The records>
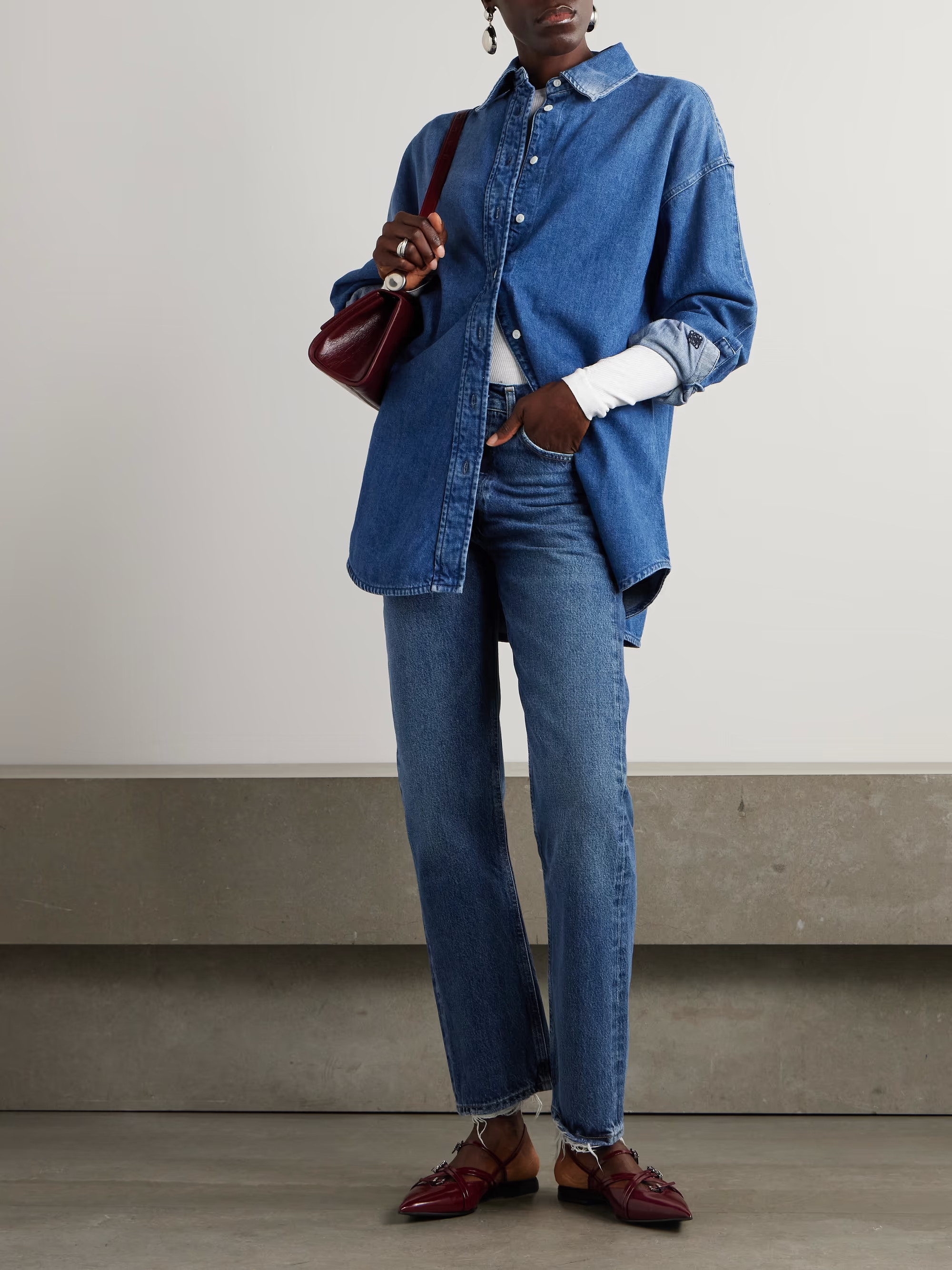 + NET SUSTAIN '90s Pinch Waist high-rise straight-leg organic jeans | NET-A-PORTER (US)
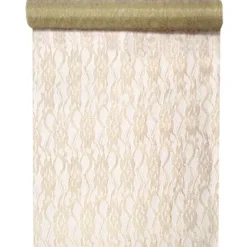 Sale Chemin De Table Dentelle Lurex Or Theme Dentelle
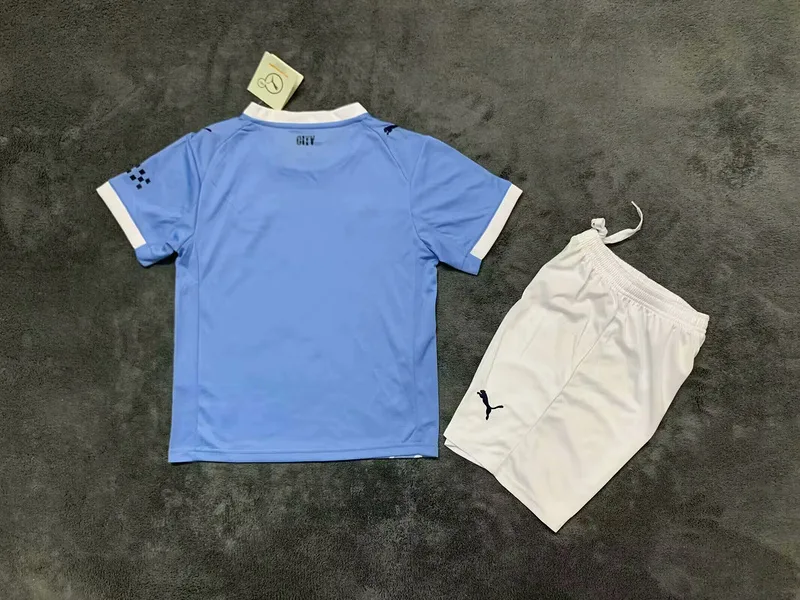 Manchester City 2025/26 Home Kids Kit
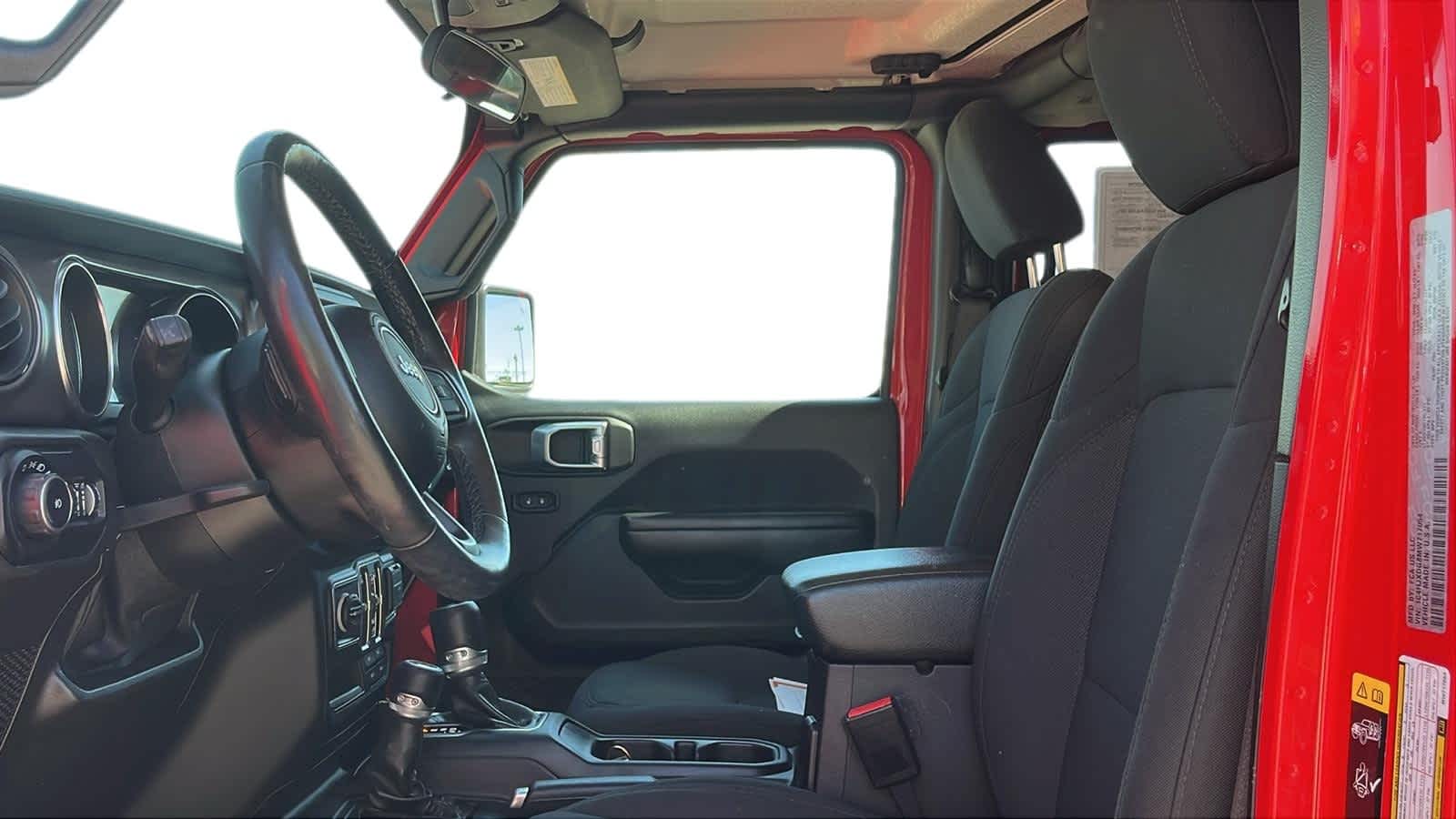 used 2021 Jeep Wrangler car, priced at $34,317
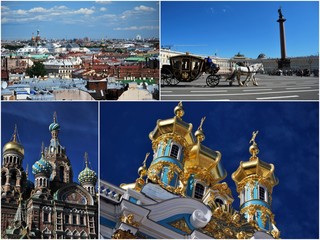 Obraz premium Dans la ville de Saint Petersbourg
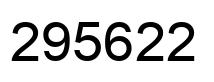 Number 295622 black image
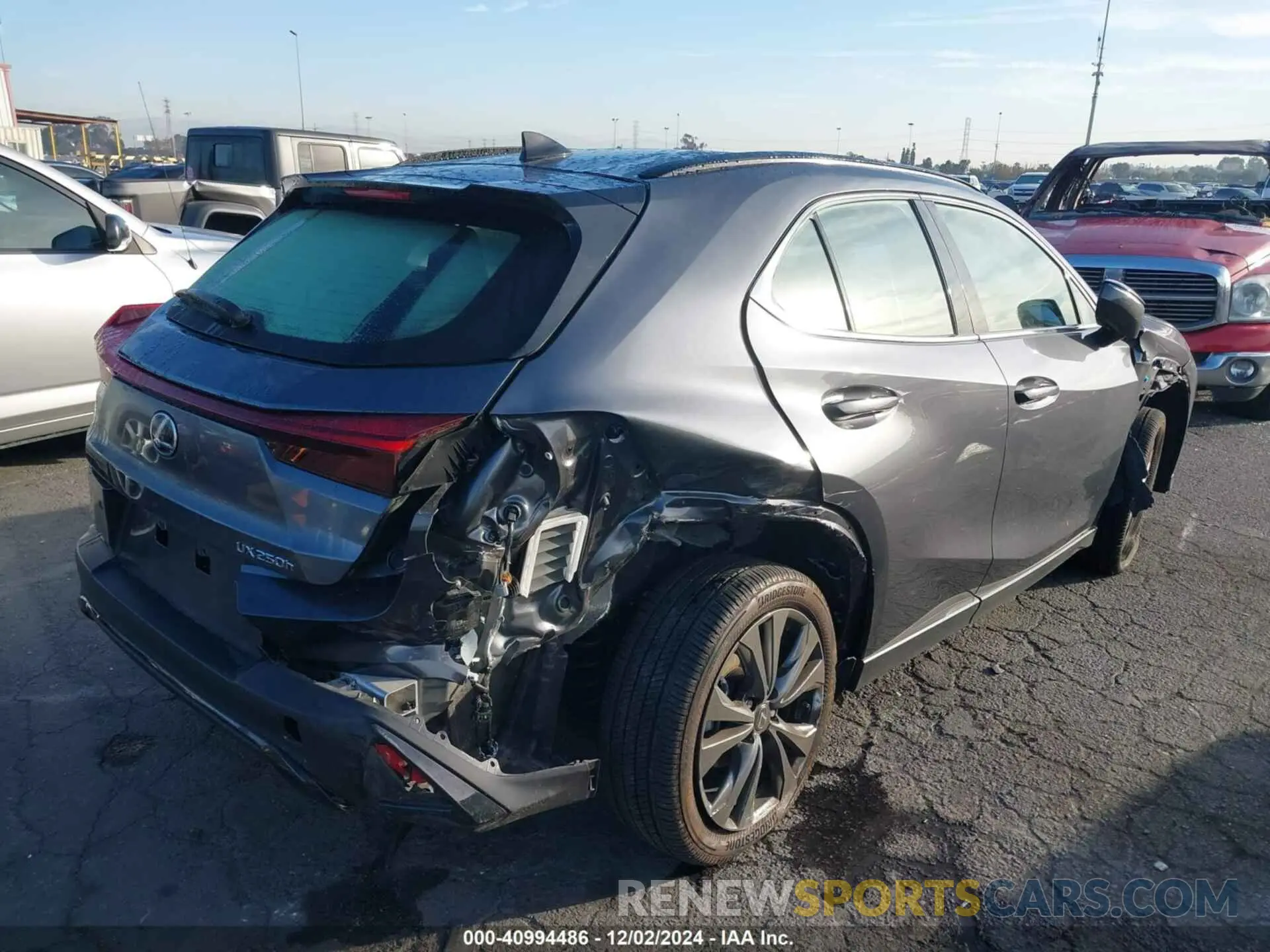 4 Photograph of a damaged car JTHB6JBH1R2179293 LEXUS UX 250H 2024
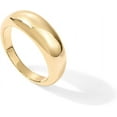 thumbnail image 1 of 14K Gold Plated Chunky Dome Ring |Puffy Dome Stackable Rings | Chunky Signet Ring for Women, 1 of 2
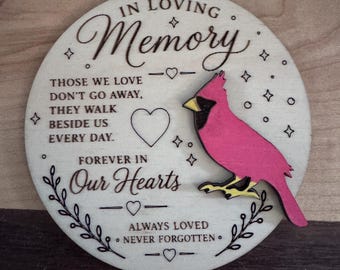 Cardinal Memorial Christmas Ornament Set of 2 SVG Digital Download for Glowforge or Laser -Not a Physical Item Read Item Description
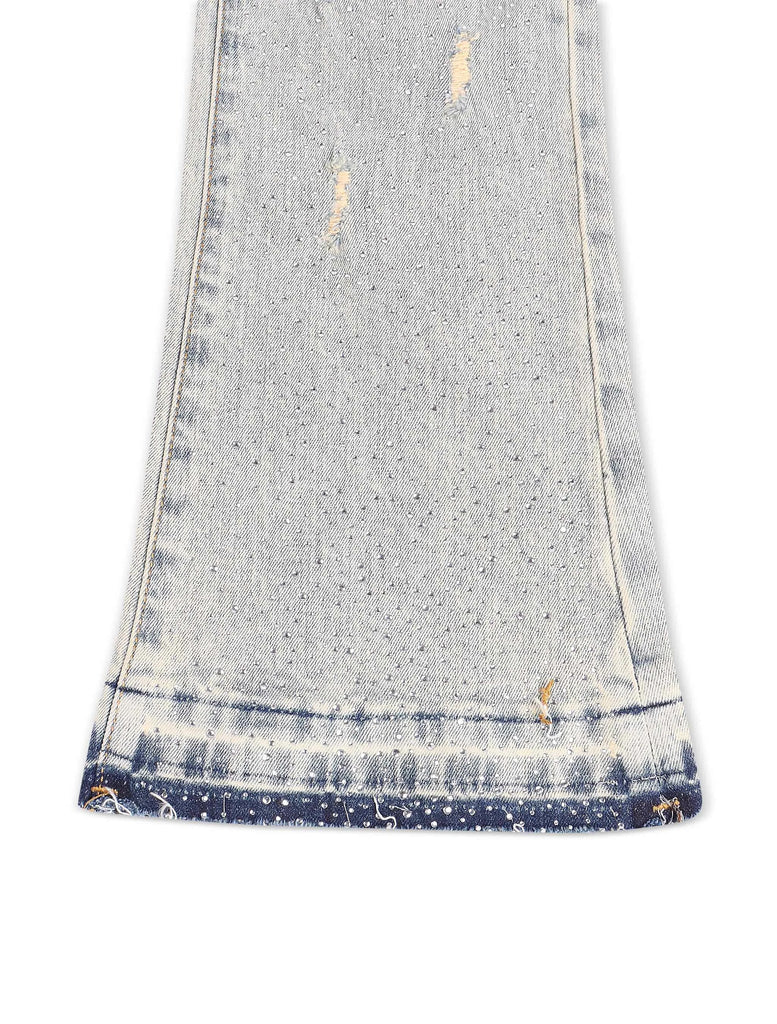 Waimea Flex Rhinestone Stacked Fit Jeans - Vintage Wash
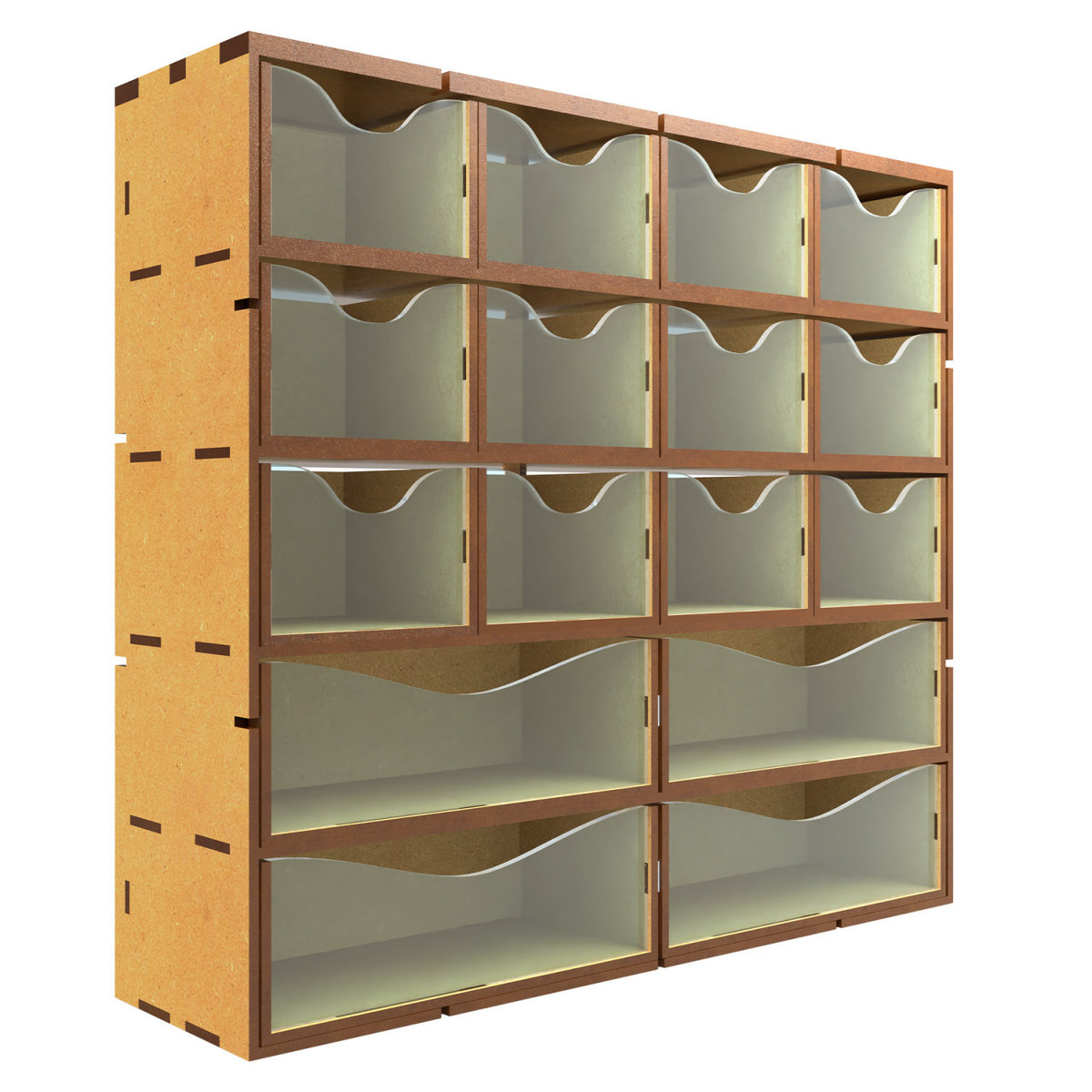 Mdf Vertical Rack With 16 Drawers - Green Stuff World | Sklep EMPIK.COM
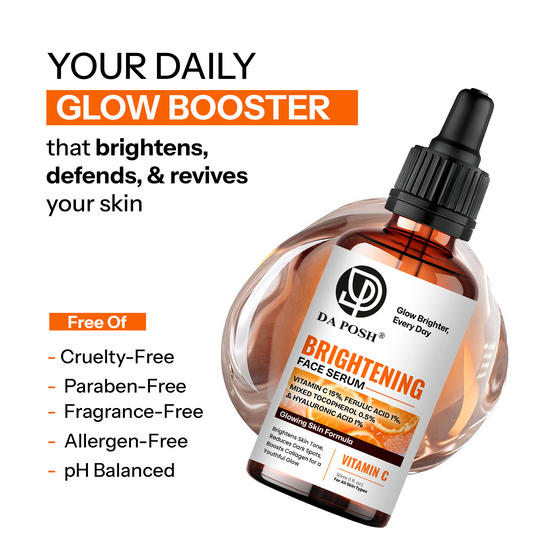 DA POSH Vitamin C Brightening Face Serum | Fades Dark Spots & Boosts Radiance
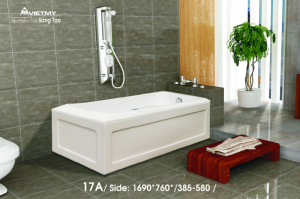Bồn tắm dài Việt Mỹ Model 17A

How to complete this task>
Leaving the pictures out, give again word for word each line from the one holding "used 2021 Jeep" through the end of the records.

Expected answer>
 used 2021 Jeep Wrangler car, priced at $34,317
 Obraz premium Dans la ville de Saint Petersbourg
 Number 295622 black image
 4 Photograph of a damaged car JTHB6JBH1R2179293 LEXUS UX 250H 2024
 thumbnail image 1 of 14K Gold Plated Chunky Dome Ring |Puffy Dome Stackable Rings | Chunky Signet Ring for Women, 1 of 2
 Cardinal Memorial Christmas Ornament Set of 2 SVG Digital Download for Glowforge or Laser -Not a Physical Item Read Item Description
 Waimea Flex Rhinestone Stacked Fit Jeans - Vintage Wash
 Mdf Vertical Rack With 16 Drawers - Green Stuff World | Sklep EMPIK.COM
 DA POSH Vitamin C Brightening Face Serum | Fades Dark Spots & Boosts Radiance
Bồn tắm dài Việt Mỹ Model 17A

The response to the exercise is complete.